■ **About this task**:
Everything from the line holding "IXS Venture-Air 1.0" through the final line of the entries below is to be written out exactly, and nothing more; leave out pictures.

■ **Supplied information**:

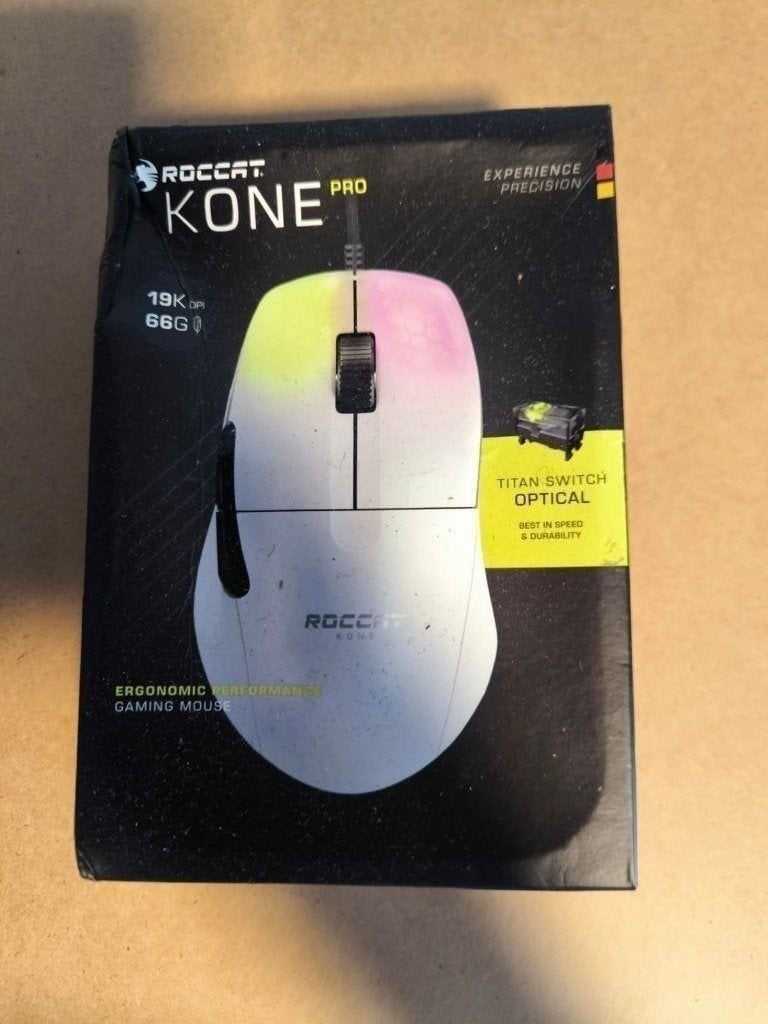KONE Pro Gaming Muis - Bedraad - Wit, Ophalen of Verzenden, Nieuw, Gaming muis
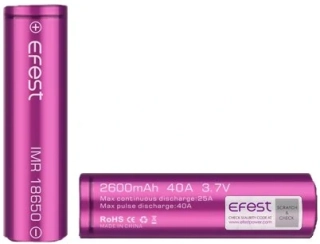Akumulátor Efest IMR 18650 3500mAh 20A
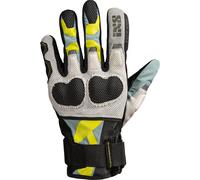 IXS Venture-Air 1.0 Gants moto pour dames, noir/bleu/jaune, Taille S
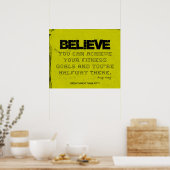 Poster Tissu Jaune Fils Noir Fitness Croire (Cuisine)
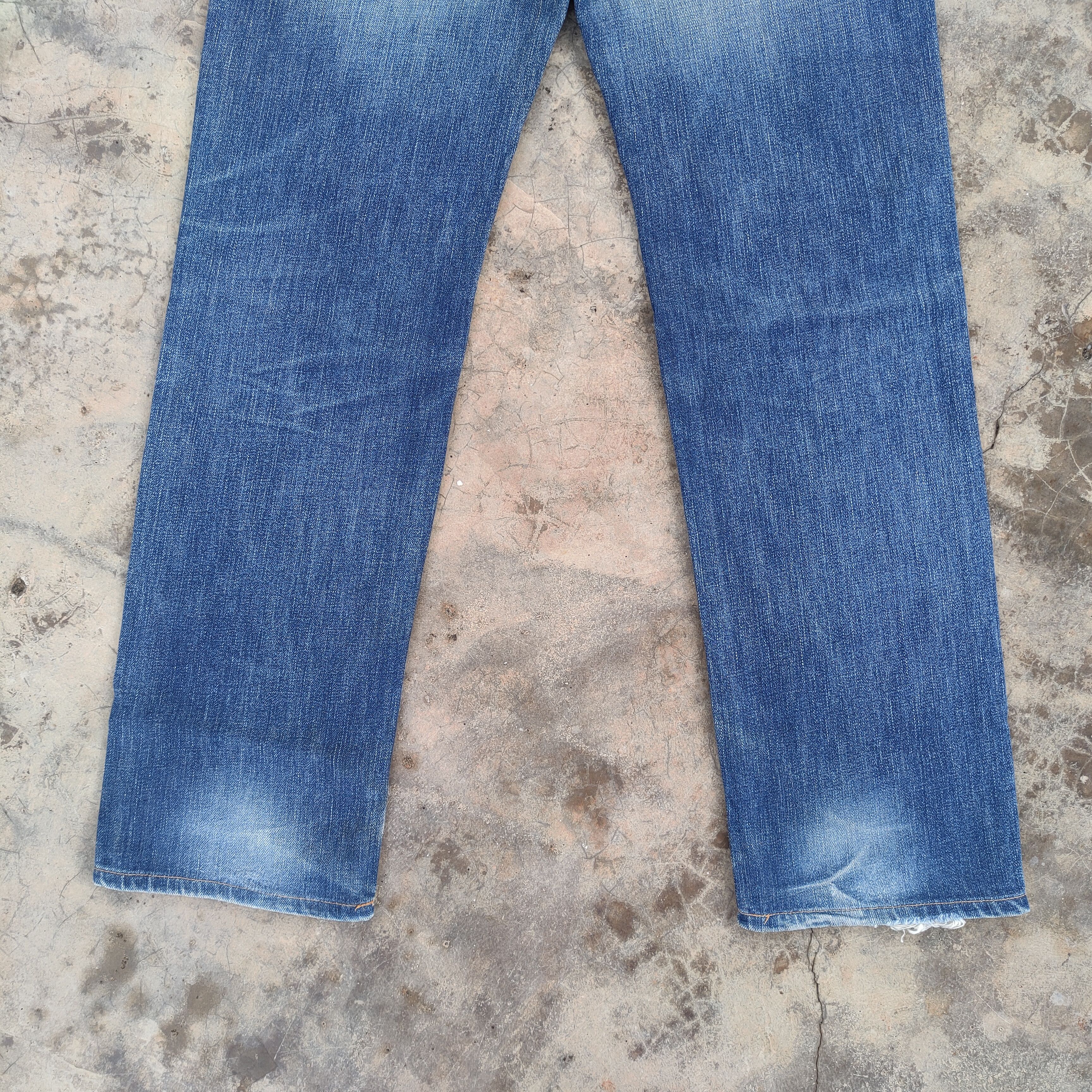 Jean × Levi's VINTAGE LEVI'S 702 RIPPED JEANS DENIM PANTS Size US 30 / EU 46 - 10 Thumbnail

■ **Exercise result**:
 IXS Venture-Air 1.0 Gants moto pour dames, noir/bleu/jaune, Taille S
 Poster Tissu Jaune Fils Noir Fitness Croire (Cuisine)
 Jean × Levi's VINTAGE LEVI'S 702 RIPPED JEANS DENIM PANTS Size US 30 / EU 46 - 10 Thumbnail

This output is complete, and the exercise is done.